ASSIGNMENT> Pictures are to be left out. Return exactly the lines below from the one with "stunning aerial view" up to and including the one with "a dining room".

EXTRACTED DATA>
= = = =

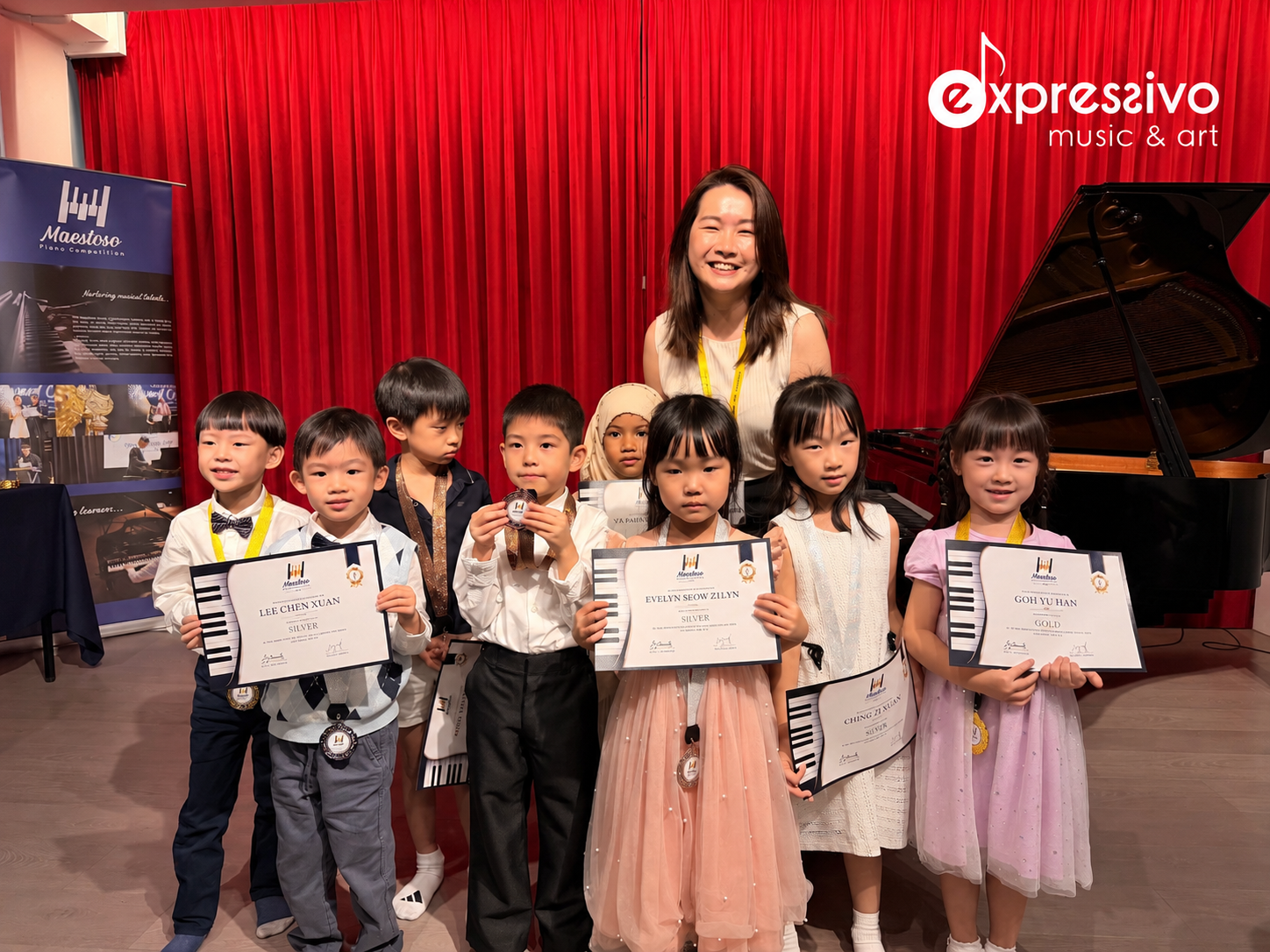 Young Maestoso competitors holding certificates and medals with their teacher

= = = =

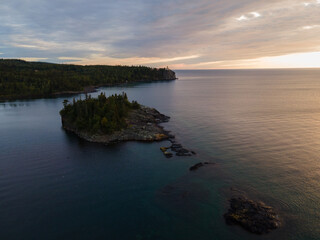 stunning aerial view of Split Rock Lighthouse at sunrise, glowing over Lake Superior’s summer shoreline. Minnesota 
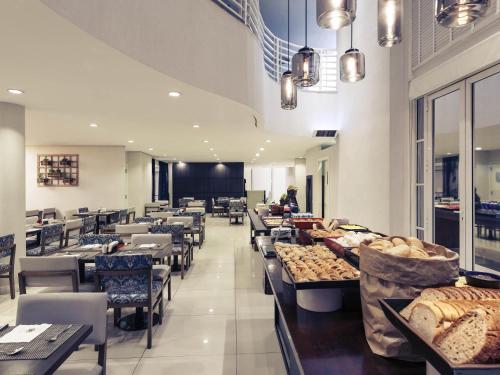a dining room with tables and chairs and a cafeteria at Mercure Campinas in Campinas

= = = =

RESULT OF THIS EXERCISE>
 stunning aerial view of Split Rock Lighthouse at sunrise, glowing over Lake Superior’s summer shoreline. Minnesota 
a dining room with tables and chairs and a cafeteria at Mercure Campinas in Campinas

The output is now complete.